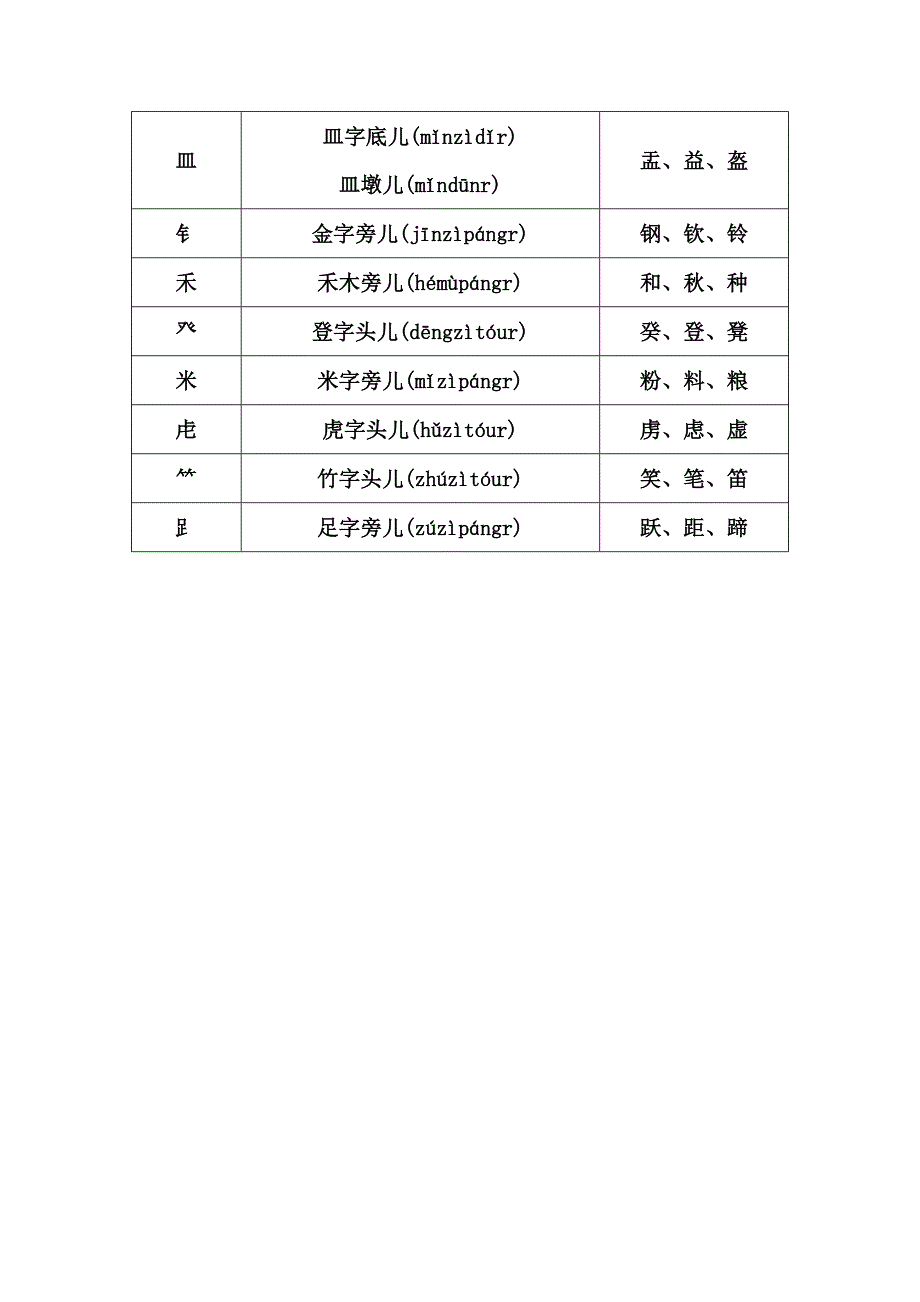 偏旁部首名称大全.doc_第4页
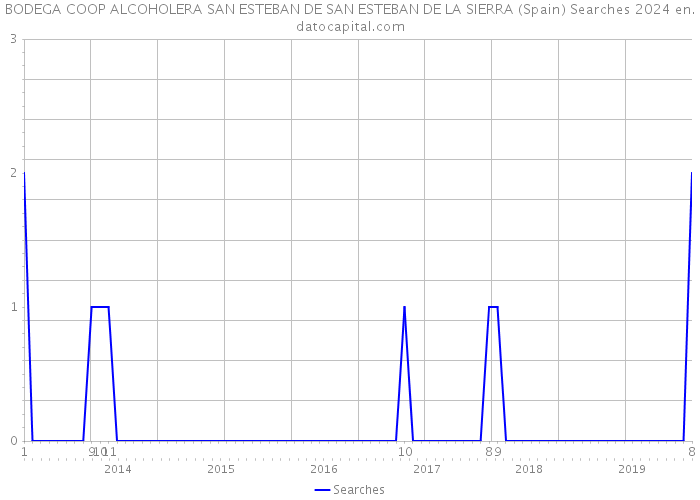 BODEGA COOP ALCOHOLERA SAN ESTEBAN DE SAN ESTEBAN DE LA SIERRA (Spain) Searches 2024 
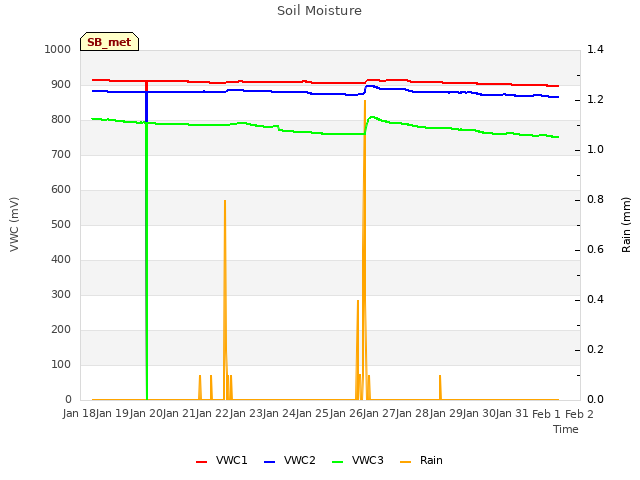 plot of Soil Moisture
++++
[What you have to do] The lines wanted run from the one with "BODEGA COOP ALCOHOLERA" through the final line of the data; repeat them word for word and skip every picture.

[Reply to the task]
 BODEGA COOP ALCOHOLERA SAN ESTEBAN DE SAN ESTEBAN DE LA SIERRA (Spain) Searches 2024 
 plot of Soil Moisture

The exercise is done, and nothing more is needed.